After the tornado passed, he walked out of the shelter and saw the sun shining through holes in the roof and insulation scattered everywhere. His vehicle received major damage in the parking lot.

“One side of it looked like it had been sandblasted,” May said. “The roof at that time had pea gravel on top of it, and it had blown that stuff out into the parking lot. It broke out every window except for the rear glass.”

Cross was also on duty when the tornado came through.

“The tornado alarms went off and we all went into the storm shelter,” Cross said. “At first we thought it was just the normal precaution and that we’d be in and out really quick. Well, we were in there a long time and started to get nervous. The next thing I can remember is the lights started flickering and everybody started panicking. I was sitting on a box and there was a big exhaust vent right behind me. All of the sudden dust shot out probably seven or eight feet and then got sucked right back into the vent.”

Cross then heard someone scream that the tornado was coming.

“All the lights went out, and there were probably five people on the door that we came in trying to hold it shut because it was trying to get sucked open,” Cross said. “It seems like it only lasted five seconds, but when we walked out there was no roof. That’s when what happened really started to sink in.”

Though Jones was not in the building when the tornado hit, he was soon back at the plant trying to get things running again.
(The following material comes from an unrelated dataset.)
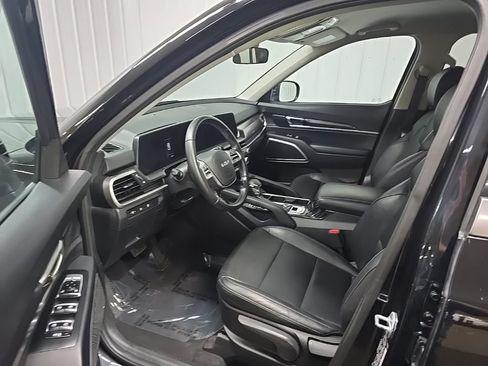 Used 2023 Kia Telluride LX AWD/4WD image 30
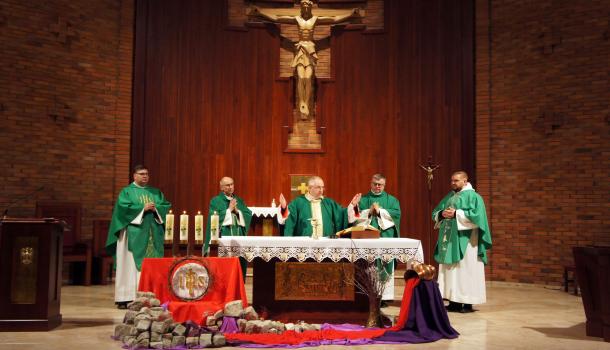 Pięciu kapłanów koncelebrujących mszę św. za ołtarzem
“At that particular time I was running what is called the membrane shop, and all the other plants in the organization were dependent on some of the membranes that we made here in Ardmore,” Jones said. “That was the first key operation we needed to get back in process, and I want to say we had the membrane shop back and running in less than four or five weeks. Then we brought the rest of the plant back up as quickly as possible.”

Jones said though many changes took place during his tenure, he always enjoyed the people.

“I always worked for excellent people, and everybody always seemed really fair,” Jones said. “I’ve also had several people that worked for me, and I tried to treat those folks the way I wanted to be treated. I feel like I had a pretty successful run of being out there.”

Cross agreed that it’s the people that make Michelin a great place to work.

“The people are good people, and you make a family out here,” Cross said. “I think if I was to retire that’s what I would miss the most, the interaction with the people. They really are our second family.”